Imagine, with that sign hanging over you, telling a coach you can’t run that day. Not because your body hurts (and what kind of hurt is bad enough?), but because your brain does. Many coaches believe these moments are forks in the road, and that choosing to push through pain—in whatever form that pain comes—is what creates champions. Athletes often believe this, too. And it’s not entirely wrong. Pushing through pain, clearing hurdles others have crashed into, is how an athlete improves. Knowing the difference between a hurdle and a brick wall is also crucial—yet recognizing that difference is almost impossible when you’re eighteen years old. That’s the coach’s job. And if a coach isn’t sensitive to brick walls, athletes are often left to engage in debilitating mental warfare: one part of the mind says no more; the other part tells them they’re weak for saying no more.

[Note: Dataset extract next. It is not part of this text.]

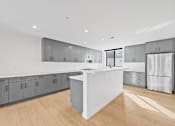 Thumbnail 83 of 119 - A modern kitchen with a white island and wooden floors.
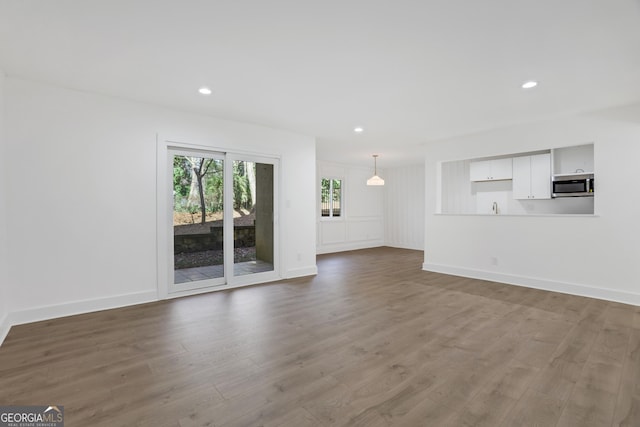 unfurnished living room with hardwood / wood-style floors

The National Collegiate Athletic Association has recognized how much work must be done to address the mental and emotional well-being of student-athletes, and also admits that for too long, it’s been a vastly less significant priority than promoting their physical health. If the variance in spending weren’t so disconcerting, the difference would be laughable. Consider the state-of-the-art equipment, expansive weight rooms, training rooms, and practice fields at most Division I schools. If a football player pulls a hamstring, nearly half a dozen licensed professionals hover over him, discussing the most innovative ways to rehabilitate his strained muscle. Yet if most athletic departments’ commitment to mental and emotional health were visualized as a weight room, it would more closely resemble this: a few rusted dumbbells, a cracked mirror, cobwebs, and plenty of open space waiting to be filled.

These are the conditions in which many student-athletes train and play. Getting better in such circumstances is almost completely up to the individual.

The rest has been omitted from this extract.